Their statement comes amid the pending decision to select the county’s next chief executive. Just months ago the two exchanged barbed emails and text messages that showed a relationship fraying in the heat of election season.

The two commissioners were expected to choose Marshall Farnell’s replacement as CEO on Monday, according to a calendar handed out earlier by the county’s Human Resources Department. But there has been no word whether sitting County Commissioner Todd Mielke, or former West Jordan, Utah, City Manager Richard Davis would take the job.

O’Quinn said the wait is due to the commissioners’ travel schedules and workload, not lingering animosity regarding the Spokane Transit Authority taxing issue.

Records obtained by The Spokesman-Review detail the conflict that publicly bubbled over earlier this year, prompted by the April tax measure to fund an STA expansion. French publicly lobbied for the tax, which was defeated by voters. O’Quinn and Mielke opposed the tax.

The dispute deepened when O’Quinn responded to an emailed request from STA’s clerk in November for the names of the two county commissioners who would be serving on the transit authority’s board of directors for 2015. O’Quinn responded, saying commissioners would appoint their two representatives to the board at a meeting in January, per custom.

French responded to that email with accusations that O’Quinn was speaking on behalf of the entire county commission.

“Once again you are making decisions for the Board WITHOUT the involvement of the rest of us,” French wrote Nov. 23. “We decide this as a group when it meets our needs. Remember you are but one of three no matter how inconvenient that is for you.”

O’Quinn responded in kind.

“Just so you know … before you got all high and mighty and huffy about that email, I sent it to let Jan know that we couldn’t meet her December 31st deadline, but it would be before the January meeting. I thought that was a common courtesy,” O’Quinn wrote to French an hour later.

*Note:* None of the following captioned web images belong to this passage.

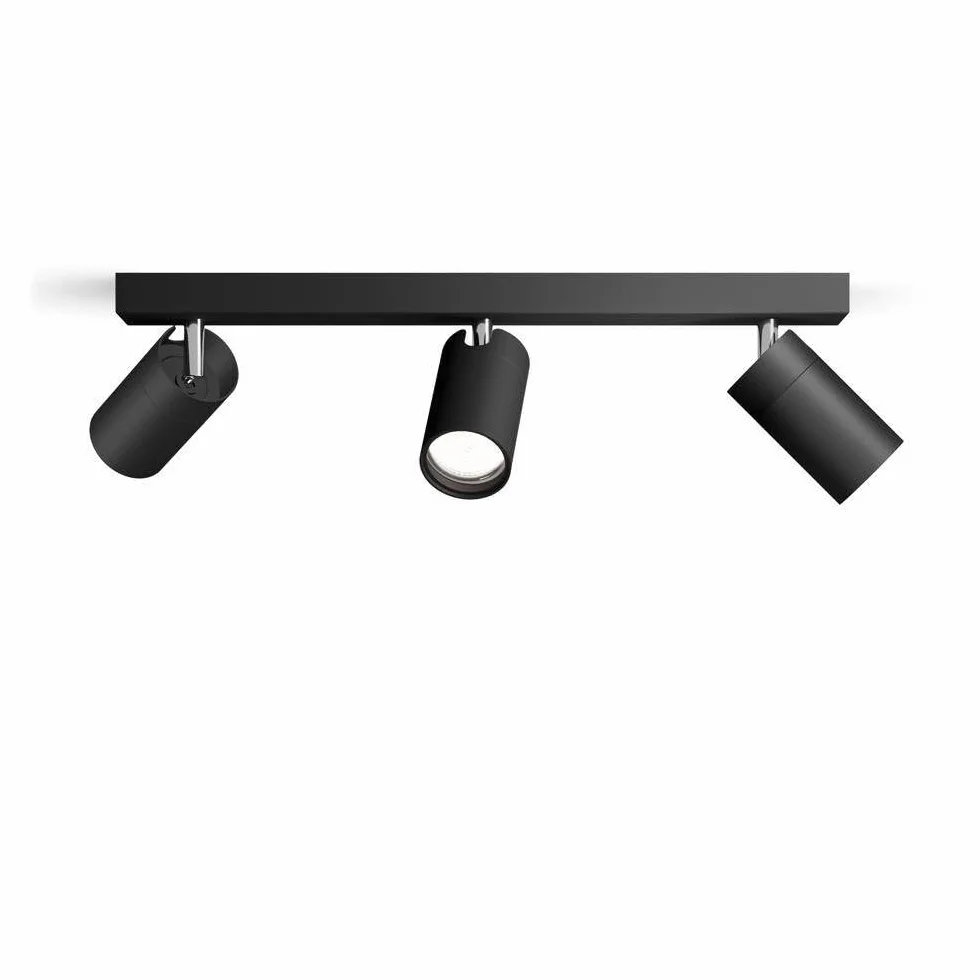 Philips Idris Foco de Baño 3 Luces GU10 IP44 Negro Resistente al Agua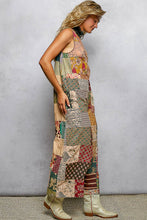 Almond Multi V-neck Sleeveless Varied Patchwork Dual Patch Pocket POL Overalls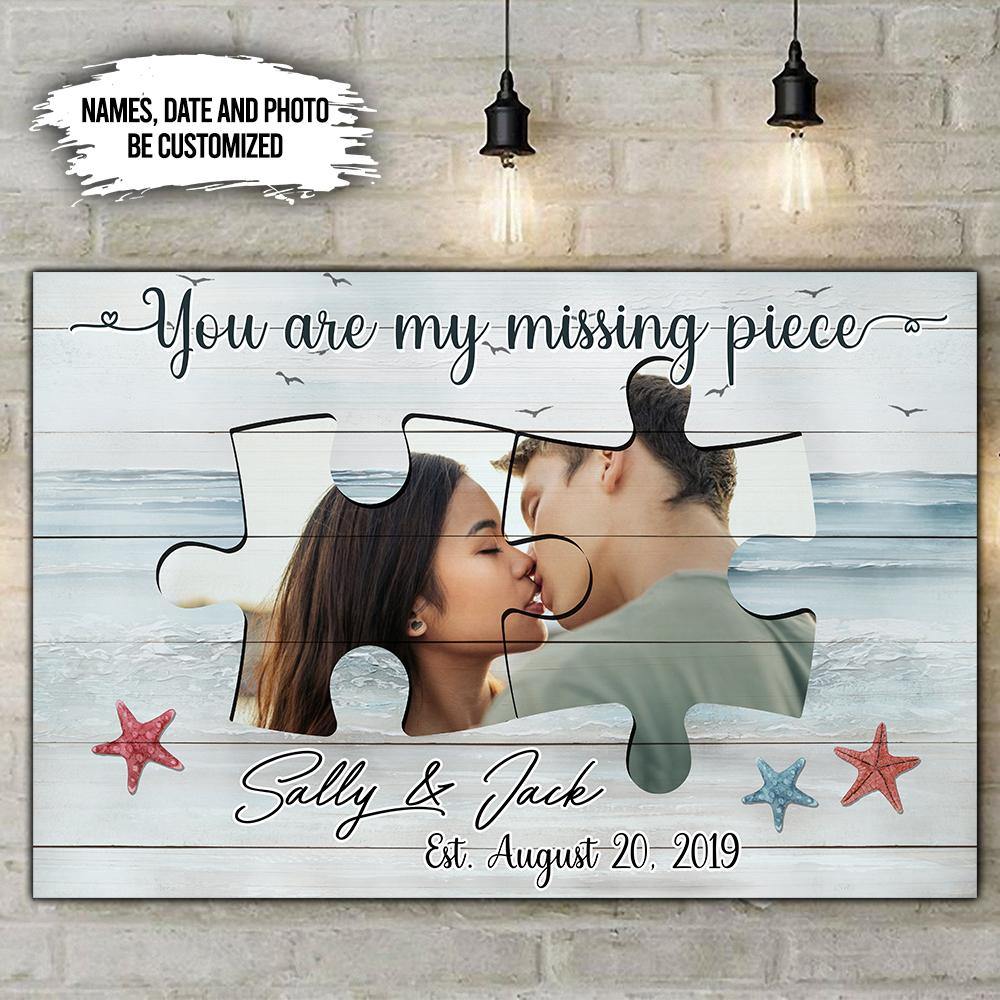 Personalized Horizontal Poster - You Are My Missing Piece  - Upload Image, Gift For Couples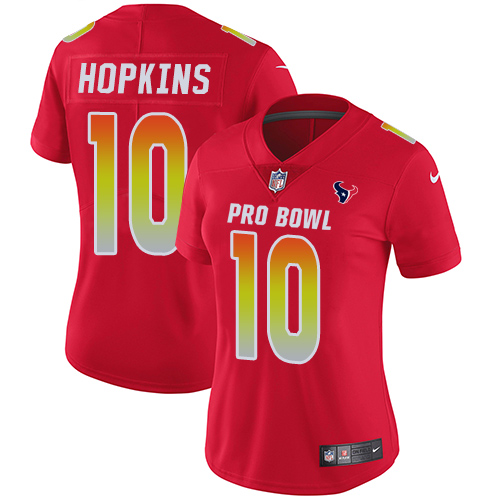 Nike Texans #10 DeAndre Hopkins Red Women's Stitched NFL Limited AFC 2019 Pro Bowl Jersey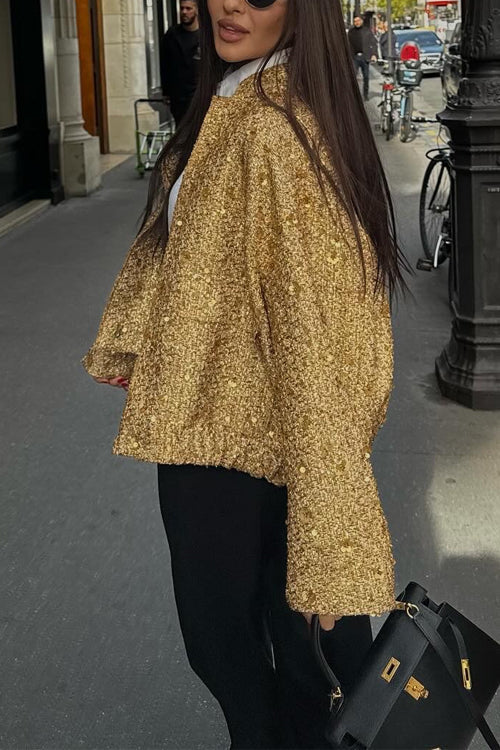 WW | Collar Zipper Pocket Sequin Jacket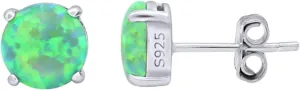 925 Sterling Silver 7mm Simulated Opal Round Cut Solitaire Stud Earrings 14K Gold Plated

She followed the email with a text to French’s personal cellphone saying she’d discussed the matter briefly with Mielke in the office and was told the county usually picked its STA representatives in January, following the installment of newly elected officials. French defeated Democrat Mary Lou Johnson in the November election for the Spokane County Commission seat.

Several months later, when French met with a state auditor, he said his two fellow commissioners were potentially violating the state’s Open Public Meetings Act by communicating with their personal cellphones. The allegation was repeated in a state audit report and prompted a request by The Spokesman-Review for all texts and phone call records between commissioners using their personal phones.

French, Mielke and O’Quinn provided their records to Jim Emacio, head civil attorney for the county. They were then released after Emacio removed “any text messages of a private nature” that are not public records, according to a letter provided with the records.

After a contentious STA board meeting in December, O’Quinn sent several texts to French requesting reconciliation.

“Now that we are past The STA vote … I would like to get together and see if we can hit the ‘reset’ button or call truce,” O’Quinn said in a Dec. 16 text to French. O’Quinn sent several similar texts in March, but those appeared to go unanswered. Both said Monday they were past the argument.

O’Quinn said the announcement naming Farnell’s successor could come as early as this week.

Meanwhile, former Spokane County Commissioner Bonnie Mager has asked for a formal investigation of the process to hire a new CEO, including leveling claims the county violated open public meetings laws and ethical standards. Spokane County Prosecutor Larry Haskell forwarded that request to the Washington Attorney General’s Office earlier this spring.